For some, childhood is a period of life, while for others it is a state or an experience. This latter view implies that there is a child in every one of us, whatever our age. Because of the democratizing and egalitarian impulse of modern societies, the age criterion has tended to subside as the basic dividing line between childhood and adulthood. Defined as subjects in the Convention on the Rights of the Child, children, as both dependent and autonomous beings, have come to represent a ‘paradoxical alter-ego’. In contemporary society, there has been a shift from adultcentrism to pedocentrism, and a conflict between child liberationists and child caretakers has emerged. As a result of the evolution of contemporary law, and of juvenile criminal law in particular, most European countries have come to recognize that a child is an incomplete individual who reaches maturity through education. A product of democratization and a sign of the end of traditional authority, the current crisis of authority (as Hannah Arendt described it) has its origins in this new representation of childhood: while children are recognized as being different from adults, they are also considered to have the same rights as adults. These changes account for the current crisis of family law and children’s rights in many democracies.

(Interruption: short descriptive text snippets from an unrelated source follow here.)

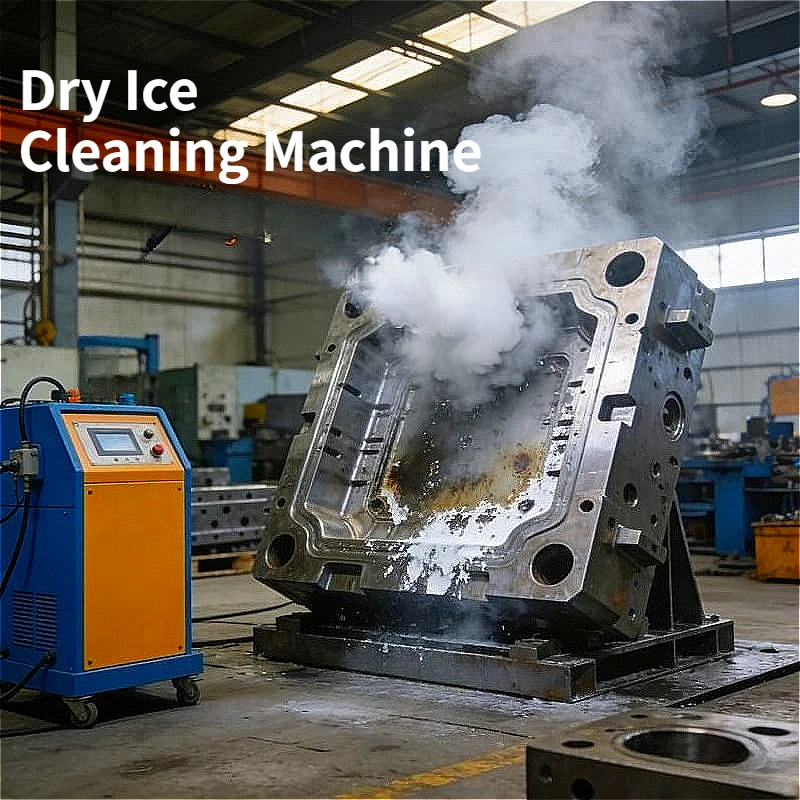Dry Ice Cleaning Machine Dry Ice Blaster Rust Removal Engine Carbon Cleaning Automotive Aerospace Mold Maintenance Customized
Dry Ice Cleaning Machine Dry Ice Blaster Rust Removal Engine Carbon Cleaning Automotive Aerospace Mold Maintenance Customized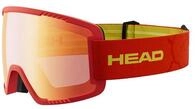 HEAD Head Schneebrille CONTEX red red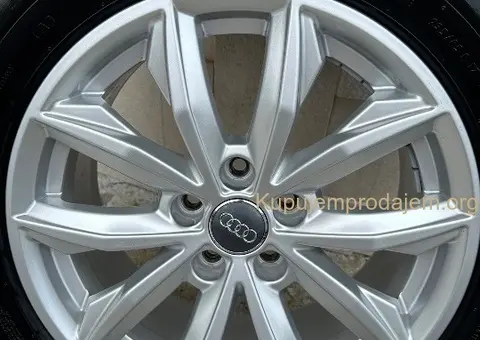 Prodajem gume i felne za audi Q5 - 7/13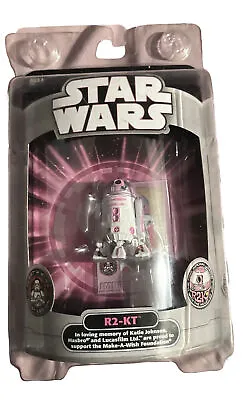 Hasbro Special Edition Make A Wish Star Wars R2-KT Figure • $100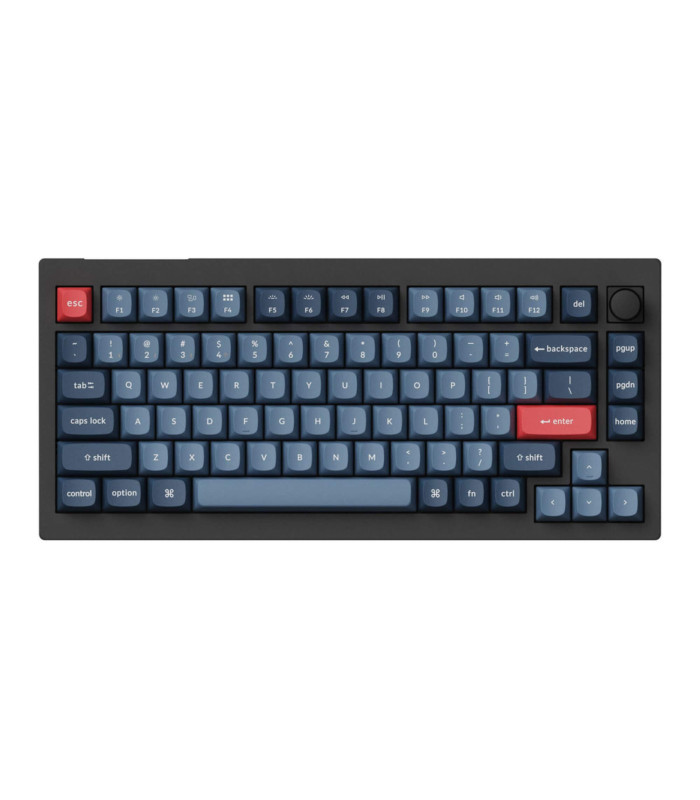 Keychron V1 Max Black Banana Switch (US) w/Knob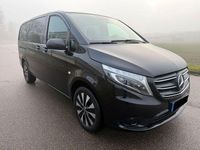 Gebraucht Mercedes Vito 190 PS (139 kW) 2022 Schwarz Van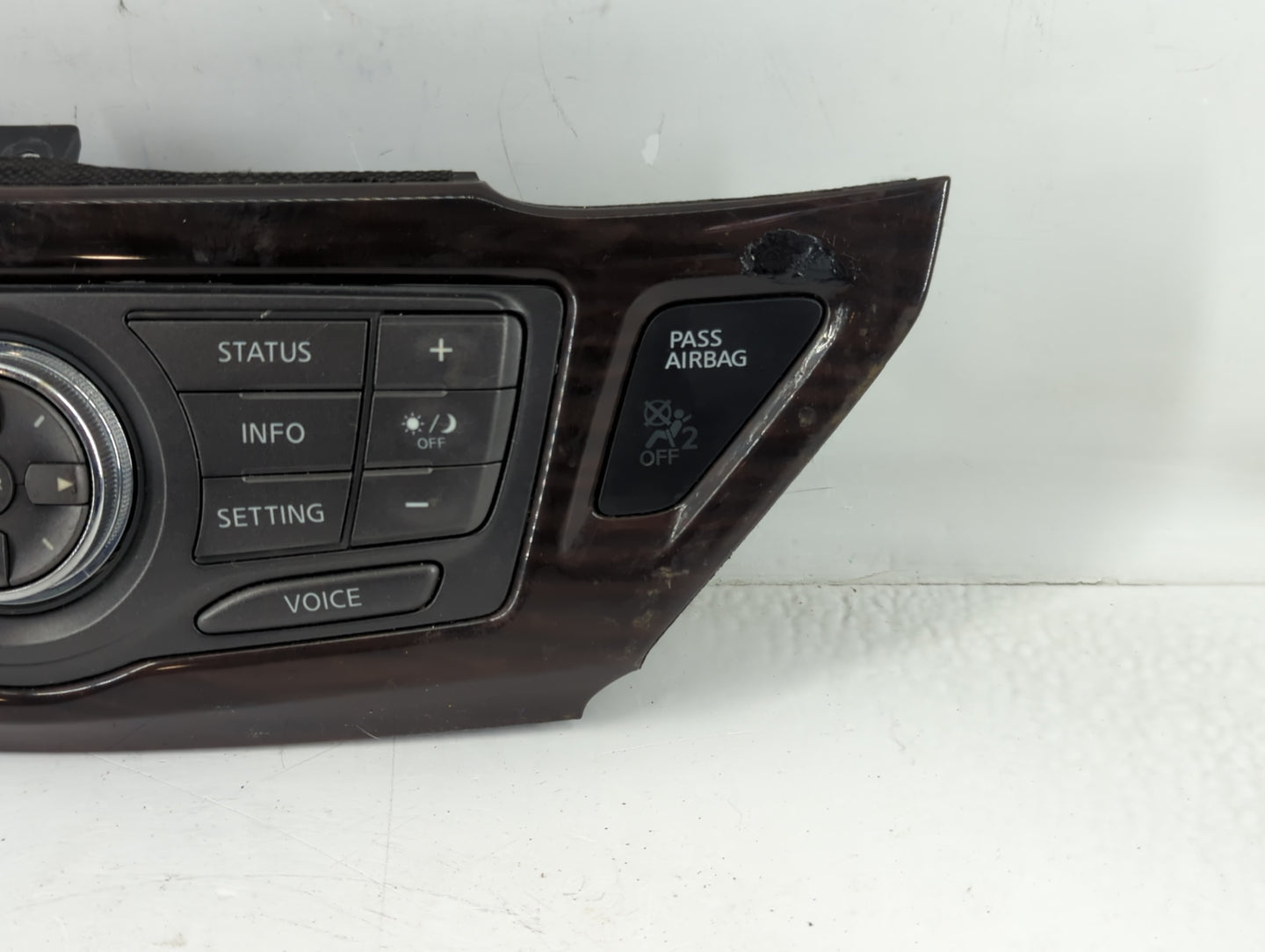 2014-2014 Nissan Pathfinder Information Display Screen - Oemusedautoparts1.com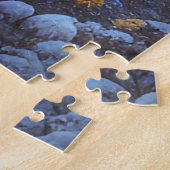 Boeiende Winter Wonderland Landschapskunst Legpuzzel (Zijkant)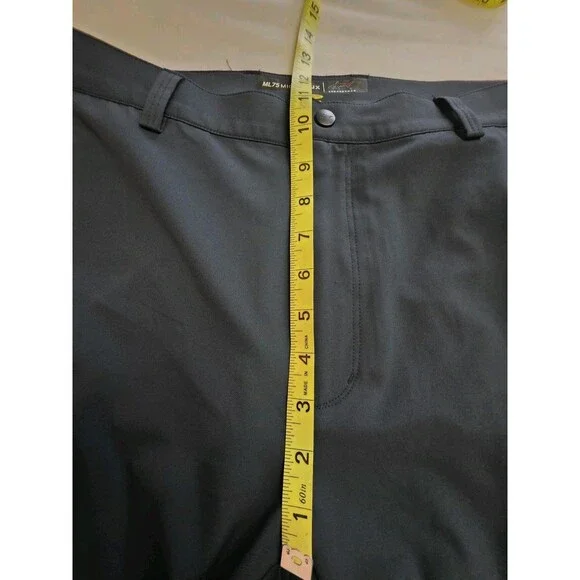 Greg Norman Golf Pants ML75 Micro Lux Men's Size 36x32 Navy Blue - Picture 13 of 13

Academic research on childhood has attracted significant media attention since the 1970s. In their popularized form, research findings have often tended to be decontextualized in the media, while producing academic norms serving as reference standards. The concept of childhood as a ‘category with specific rights has given credence to a new representation of children in the general public and in the world of marketing’. Today, the emphasis on meeting the needs and rights of children is a fundamental norm of family and social life.
Art has a key role to play in this new landscape. More specifically, access to the arts is a right for children, although it is important to recognize that aesthetic experience is an ontological encounter in which the difference between children and adults tends to dissolve. The figure of the child-artist is thus part and parcel of an attempt to redefine childhood.